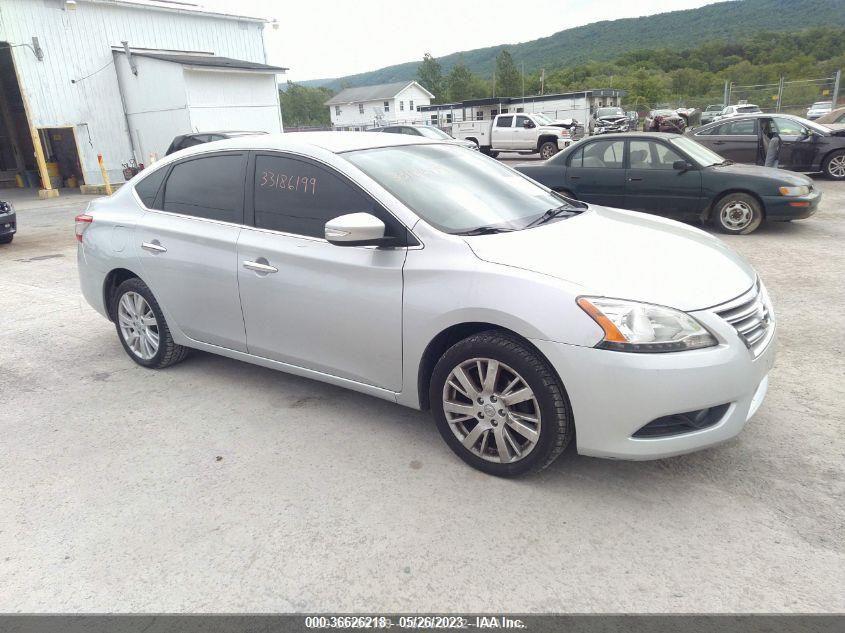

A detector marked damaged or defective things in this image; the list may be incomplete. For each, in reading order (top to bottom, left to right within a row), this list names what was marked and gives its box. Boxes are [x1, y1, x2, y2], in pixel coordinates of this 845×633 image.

damaged vehicle [592, 106, 628, 135]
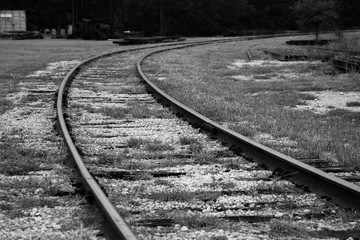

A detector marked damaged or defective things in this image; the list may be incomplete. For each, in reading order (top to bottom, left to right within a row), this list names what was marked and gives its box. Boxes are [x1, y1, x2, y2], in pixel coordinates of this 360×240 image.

rusted steel rail [136, 44, 360, 210]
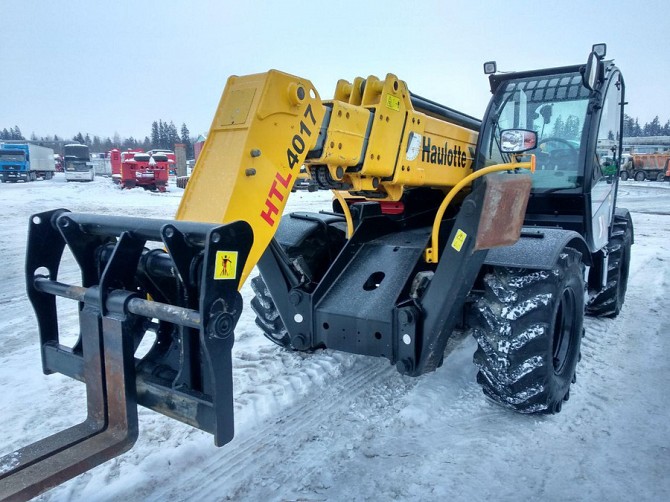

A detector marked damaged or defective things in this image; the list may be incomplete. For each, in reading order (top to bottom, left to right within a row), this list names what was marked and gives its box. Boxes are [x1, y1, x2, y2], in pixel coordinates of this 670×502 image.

rusty steel fork tine [0, 300, 138, 500]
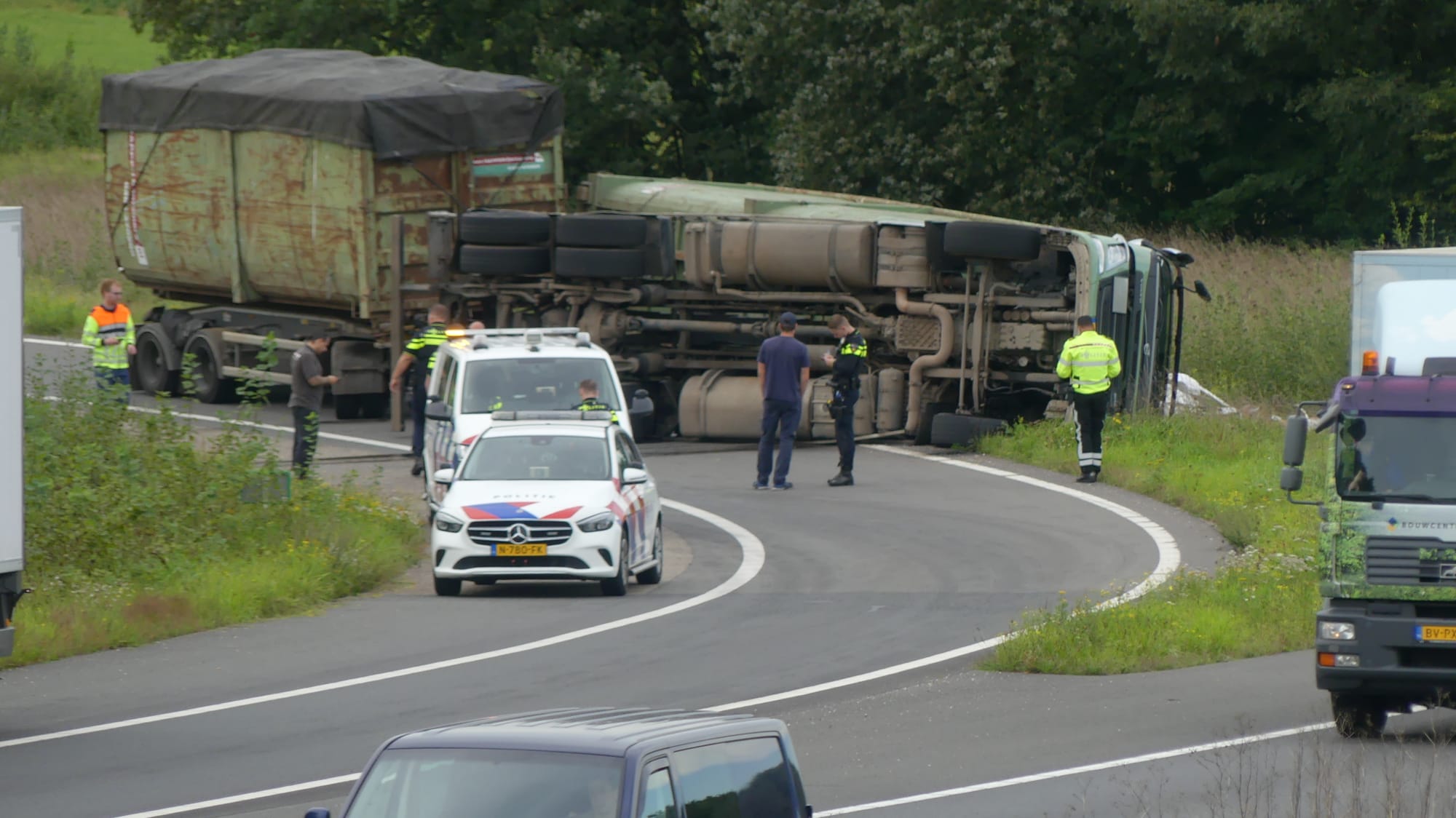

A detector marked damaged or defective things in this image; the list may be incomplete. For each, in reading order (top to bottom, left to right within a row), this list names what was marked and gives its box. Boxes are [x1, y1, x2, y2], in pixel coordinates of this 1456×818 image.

rusty cargo container [100, 50, 565, 416]
overturned truck [103, 47, 1211, 442]
overturned truck [425, 176, 1211, 445]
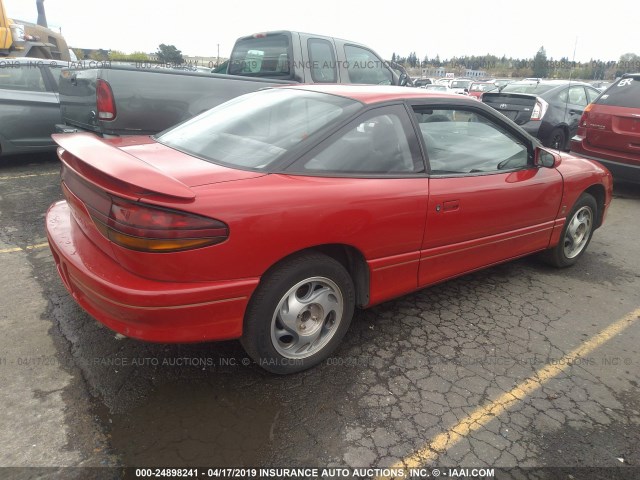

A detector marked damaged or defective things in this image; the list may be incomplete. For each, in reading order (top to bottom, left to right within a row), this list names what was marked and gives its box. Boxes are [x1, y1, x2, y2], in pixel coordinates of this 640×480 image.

cracked asphalt [1, 153, 640, 476]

Work item:
Please write out the lines from the one that holds "this 1456×818 image." through the end of the material, both ends included, exactly and with no pictures.

Answer to this problem:
A detector marked damaged or defective things in this image; the list may be incomplete. For each, in reading order (top to bottom, left to right within a row), this list names what was marked and gives its box. Boxes are [x1, y1, x2, y2], in pixel coordinates of this 1456×818 image.

rusty cargo container [100, 50, 565, 416]
overturned truck [103, 47, 1211, 442]
overturned truck [425, 176, 1211, 445]

A detector marked damaged or defective things in this image; the list may be incomplete. For each, in reading order (top to bottom, left to right within a row), this list names what was marked and gives its box. Boxes are [x1, y1, x2, y2], in pixel coordinates of this 640×480 image.

cracked asphalt [1, 153, 640, 476]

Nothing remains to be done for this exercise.